BEGIN Data records

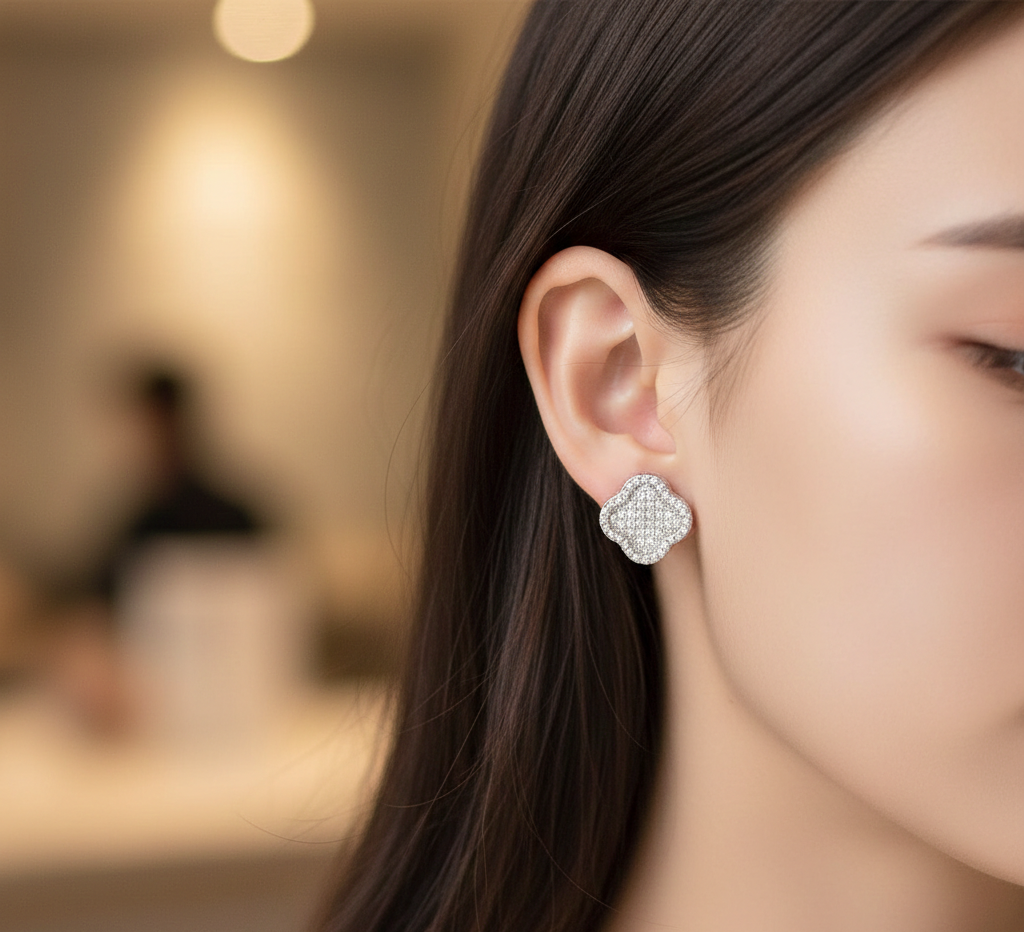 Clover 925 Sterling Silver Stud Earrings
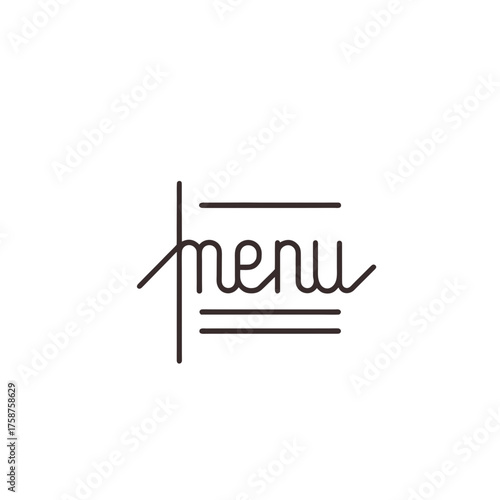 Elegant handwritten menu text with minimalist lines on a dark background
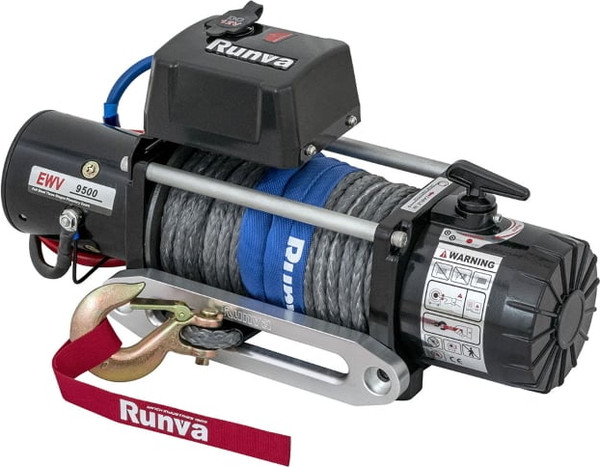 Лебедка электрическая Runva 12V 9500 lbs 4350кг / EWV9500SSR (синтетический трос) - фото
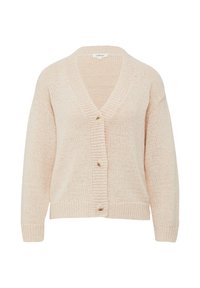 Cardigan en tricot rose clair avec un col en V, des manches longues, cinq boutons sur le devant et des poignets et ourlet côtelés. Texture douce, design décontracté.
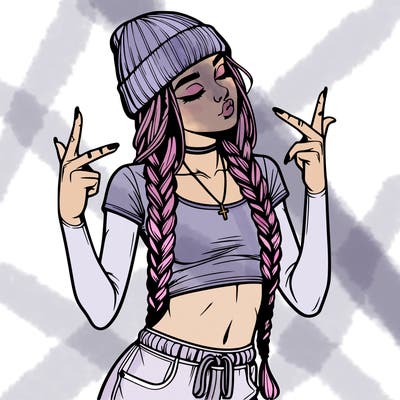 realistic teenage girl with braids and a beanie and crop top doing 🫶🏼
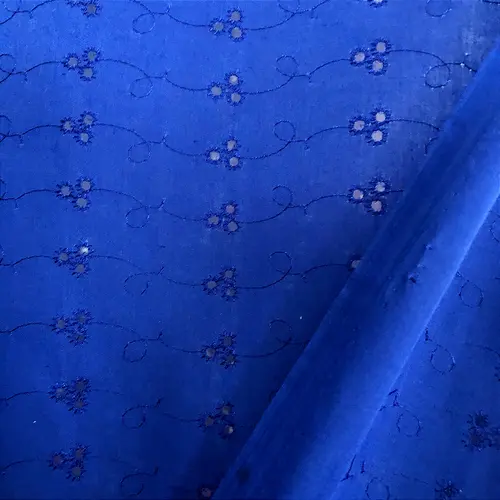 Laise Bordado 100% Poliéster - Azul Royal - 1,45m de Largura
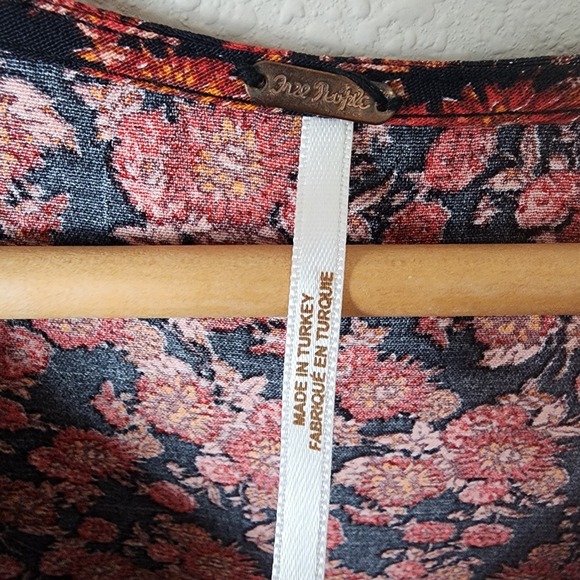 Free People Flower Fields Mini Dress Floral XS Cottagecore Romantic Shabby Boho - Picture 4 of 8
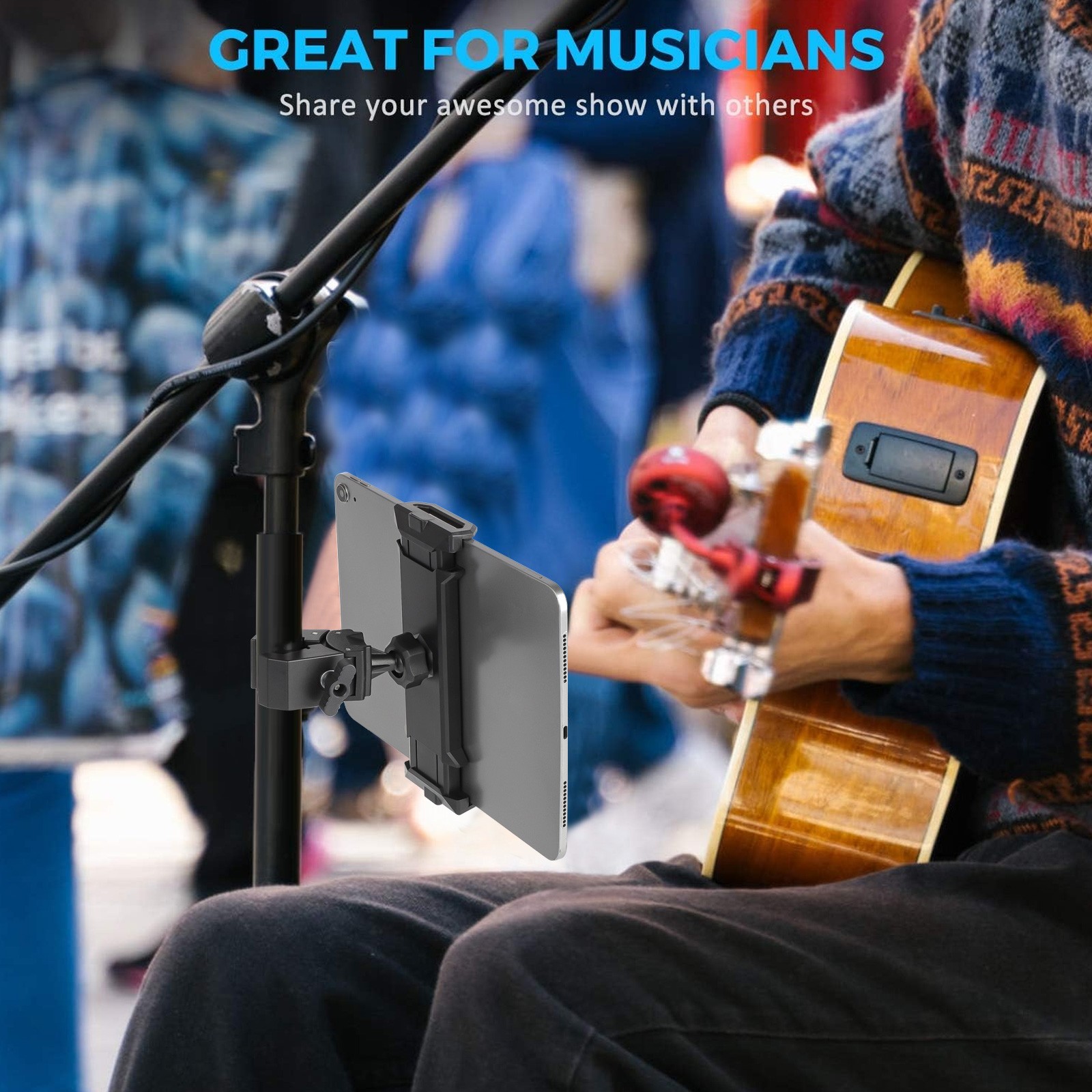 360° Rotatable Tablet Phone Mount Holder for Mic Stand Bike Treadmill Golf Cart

END Data records

• [Action item]
Output the records exactly, and let none of their pictures appear in the copy.

• [Completed exercise]
 Clover 925 Sterling Silver Stud Earrings
 Elegant handwritten menu text with minimalist lines on a dark background
 Лебедка электрическая Runva 12V 9500 lbs 4350кг / EWV9500SSR (синтетический трос) - фото
 Cardigan en tricot rose clair avec un col en V, des manches longues, cinq boutons sur le devant et des poignets et ourlet côtelés. Texture douce, design décontracté.
 realistic teenage girl with braids and a beanie and crop top doing 🫶🏼
 Laise Bordado 100% Poliéster - Azul Royal - 1,45m de Largura
 Free People Flower Fields Mini Dress Floral XS Cottagecore Romantic Shabby Boho - Picture 4 of 8
 360° Rotatable Tablet Phone Mount Holder for Mic Stand Bike Treadmill Golf Cart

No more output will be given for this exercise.